Alain Locke is buried at the Congressional Cemetery in Washington, D.C. He lies near many of the nation's early congressmen and next to the first director of the Smithsonian's Museum of African Art.
Adam Cole
/
NPR
Alain Locke is buried at the Congressional Cemetery in Washington, D.C. He lies near many of the nation's early congressmen and next to the first director of the Smithsonian's Museum of African Art.

Inside the cemetery, beneath the stained glass, the chapel is full. Mourners line the walls and spill out the door into the rainy day.

About 150 people are gathered for the funeral of a man who died 60 years ago.

Author and philosopher Alain Locke is widely known as the father of the Harlem Renaissance. He inspired Martin Luther King Jr., who praised him as an intellectual leader on par with Plato and Aristotle.

It wasn't until a researcher stumbled upon Locke's ashes in the Howard University Archives that a group of scholars decided it was time to bury him.
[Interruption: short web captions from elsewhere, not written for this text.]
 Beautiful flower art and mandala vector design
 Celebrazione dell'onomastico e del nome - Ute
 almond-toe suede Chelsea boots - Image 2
Standing before a simple silver urn in the Congressional Cemetery in Washington, D.C., a group of college students sings spirituals. Locke was an early advocate of recognizing these African-American slave songs as a key part of America's musical history.

Alain Locke in the 1940s.
/ Courtesy of Howard University Archives
/
Courtesy of Howard University Archives
Alain Locke in the 1940s.

"They are not merely slave songs, or even Negro folk songs," Locke said at the Library of Congress in 1940, on the 75th anniversary of the abolition of slavery. "The very elements that make them spiritually expressive of the Negro make them, at the same time, deeply representative of the soil that produced them. ... They belong to a common heritage."

Many at the funeral believe Locke made a serious contribution to that common national heritage.

"Locke was one of the most important philosophers of our era," says Leonard Harris, a philosophy professor at Purdue University. "But he had no biography, no history. I became interested in looking for Locke." Harris ultimately wrote a definitive biography of Locke.

Locke was among the most academically accomplished African-Americans of his time. He earned a Ph.D. from Harvard and is the first known gay Rhodes Scholar. He was also the first African-American Rhodes Scholar — there wouldn't be another for more than 50 years.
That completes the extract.